Северный гамбит
Шрифт:
Господи, помилуй! Там черт ноги переломает: сплошные скалы, высотой, как Эмпайр Стейт в Нью-Йорке, и никаких дорог, только тропки какие-то, и так вверх-вниз. И всё на себе тащить. И вниз как бы не труднее, чем вверх, чтобы не сверзиться! Ладно я, тридцатилетний старичок уже, так у молодых парней языки на плечах были, как у загнанных лошадок. Мне, правда, повезло, что оказался в арьергарде как-то незаметно, а впереди несколько раз слышалась стрельба, и даже гранаты рвались. Говорили, что немцы за нами следят: выстрелят — и отступят. Наши тоже стреляли, во что попало — жить-то хочется! Шли долго. С моря тоже стрельба, а мы всё топаем по этим чертовым горам, наверное, по миле в час. И
Лейтенант скомандовал по берегу в стороны искать, может, не остров всё же? Мне повезло — не ноги бить, а связь устанавливать. Лейтенант доложил: «Плацдарм захвачен, противник отступает, продолжаем продвижение вперед». Тут справа стрельба, мы туда потянулись. Не остров оказался, слава Господу — перешеек впереди, за ним земля. Вот только перешеек низкий и совершенно открытый, а за ним где-то в скалах немецкий дот. И уже десяток наших мертвыми валяются, а все прочие залегли и куда-то стреляют.
Немцев там было, судя по стрельбе, до взвода. Два пулемета и винтовки. И еще миномет был — как наши стали накапливаться в лощине, их накрыло. Убитых еще десятка полтора, раненых вдвое больше, а что мы с ранеными будем делать, у нас же только ротный санитар! Перевязали, положили в укромном месте, и всё — эвакуировать не на чем и некуда. Стреляем, немцы в ответ. У нас еще троих зацепило, надеюсь, что у немцев больше — у нас же, наверное, полторы сотни стволов работало и десяток пулеметов. А на перешеек полезли — снова пулемет, и опять потери. Я ж говорю, там дот был, амбразура лишь в узком секторе видна, но как раз в том, в котором перешеек, а с боков не подавишь никак. Да еще проволока была там в самом узком месте, и сказали — мины-противопехотки. Как пройти?
Лейтенант снова к рации. Чудо первое — связь всё еще есть. Чудо второе — с тем, кем надо. Чудо третье — обещали помочь авиацией. Чудо четвертое — прилетели и нас нашли. Лучше б не находили! Шесть «донтлессов», несмотря на условленные наши сигналы ракетами, положили бомбы не только по немцам, но и в воду, и по нашему берегу тоже! Еще десяток убитых и раненых, — а немцы всё стреляют. Правда, бьет у них теперь лишь один пулемет, но как раз тот, самый опасный. Наших на перешейке уже с полсотни трупов лежит!

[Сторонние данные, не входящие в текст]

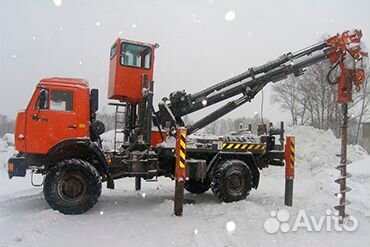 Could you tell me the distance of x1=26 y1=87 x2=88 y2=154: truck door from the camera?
28.2 feet

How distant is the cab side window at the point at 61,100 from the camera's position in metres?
8.75

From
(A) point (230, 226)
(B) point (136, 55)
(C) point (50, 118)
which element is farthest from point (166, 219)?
(B) point (136, 55)

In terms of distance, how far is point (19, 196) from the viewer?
10383mm

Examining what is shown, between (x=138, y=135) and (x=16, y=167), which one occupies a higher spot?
→ (x=138, y=135)

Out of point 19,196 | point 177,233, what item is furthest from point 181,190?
point 19,196

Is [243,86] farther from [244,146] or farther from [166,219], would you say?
[166,219]

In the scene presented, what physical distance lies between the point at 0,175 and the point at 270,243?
12.6m

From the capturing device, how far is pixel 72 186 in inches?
335

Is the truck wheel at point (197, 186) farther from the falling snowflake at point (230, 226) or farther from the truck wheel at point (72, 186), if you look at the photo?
the falling snowflake at point (230, 226)

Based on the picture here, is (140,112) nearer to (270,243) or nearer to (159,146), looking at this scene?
(159,146)

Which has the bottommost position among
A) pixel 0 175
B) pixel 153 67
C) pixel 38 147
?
pixel 0 175

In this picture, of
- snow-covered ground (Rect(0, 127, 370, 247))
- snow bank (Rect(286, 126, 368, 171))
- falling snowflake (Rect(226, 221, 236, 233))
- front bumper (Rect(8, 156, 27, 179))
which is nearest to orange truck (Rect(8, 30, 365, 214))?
front bumper (Rect(8, 156, 27, 179))

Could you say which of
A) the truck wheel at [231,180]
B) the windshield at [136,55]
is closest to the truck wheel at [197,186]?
the truck wheel at [231,180]

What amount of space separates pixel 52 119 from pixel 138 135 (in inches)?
87.9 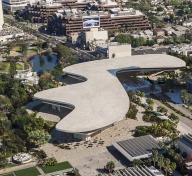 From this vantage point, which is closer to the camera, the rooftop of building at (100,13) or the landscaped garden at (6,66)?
the landscaped garden at (6,66)

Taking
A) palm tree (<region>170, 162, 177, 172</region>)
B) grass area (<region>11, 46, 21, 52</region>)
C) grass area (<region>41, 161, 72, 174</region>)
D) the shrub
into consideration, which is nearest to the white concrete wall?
grass area (<region>11, 46, 21, 52</region>)

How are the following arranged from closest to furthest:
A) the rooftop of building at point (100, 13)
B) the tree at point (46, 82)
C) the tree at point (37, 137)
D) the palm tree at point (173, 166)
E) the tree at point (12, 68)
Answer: the palm tree at point (173, 166) < the tree at point (37, 137) < the tree at point (46, 82) < the tree at point (12, 68) < the rooftop of building at point (100, 13)

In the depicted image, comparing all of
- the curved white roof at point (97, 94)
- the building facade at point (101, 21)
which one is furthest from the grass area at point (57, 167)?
the building facade at point (101, 21)

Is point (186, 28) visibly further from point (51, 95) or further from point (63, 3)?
point (51, 95)

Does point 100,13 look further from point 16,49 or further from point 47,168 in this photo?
point 47,168

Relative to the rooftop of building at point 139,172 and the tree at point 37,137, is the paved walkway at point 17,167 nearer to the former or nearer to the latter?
the tree at point 37,137

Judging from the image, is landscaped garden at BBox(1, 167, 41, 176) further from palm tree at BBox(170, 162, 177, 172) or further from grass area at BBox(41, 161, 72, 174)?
palm tree at BBox(170, 162, 177, 172)
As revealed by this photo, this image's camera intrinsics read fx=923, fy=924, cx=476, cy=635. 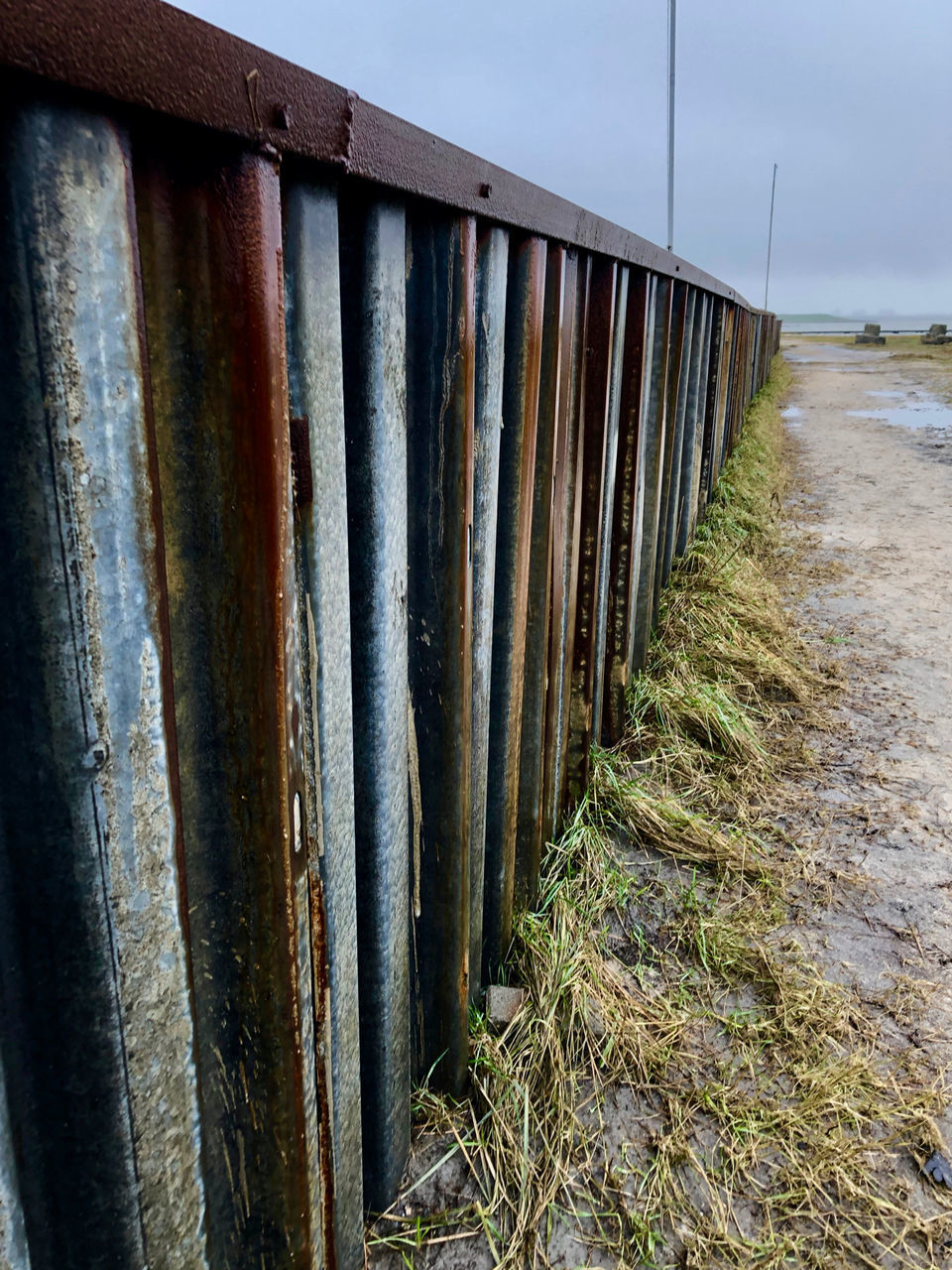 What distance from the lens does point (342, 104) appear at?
1.04m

После последней атаки нас прибавилось — когда сзади еще наши подтянулись. Так что теперь почти целый батальон, и капитан какой-то за старшего, на нашего лейтенанта орет: «Отчего встали? С кучкой немцев справиться не можете, трусы?!» Попробовали — откатились, опять кровью умывшись. И наш лейтенант погиб — со всеми шел, пуля в голову. Не мучился хоть, и то хорошо.
Стемнело уже. Мы еще раз попробовали, в надежде, что не увидит. Тихо к проволоке подползли, стали резать. Так у немцев, оказывается, там рыболовные крючки на стальных поводках подвешены и пустые консервные банки — всё загремело, снова ракеты в воздух, и пулемет ударил. Мы все назад — что делать?
А холодно! И огонь не развести, и не согреться, и не приготовить — про немецкие минометы все помнят. Кое-как подкрепились сухими пайками, и спать.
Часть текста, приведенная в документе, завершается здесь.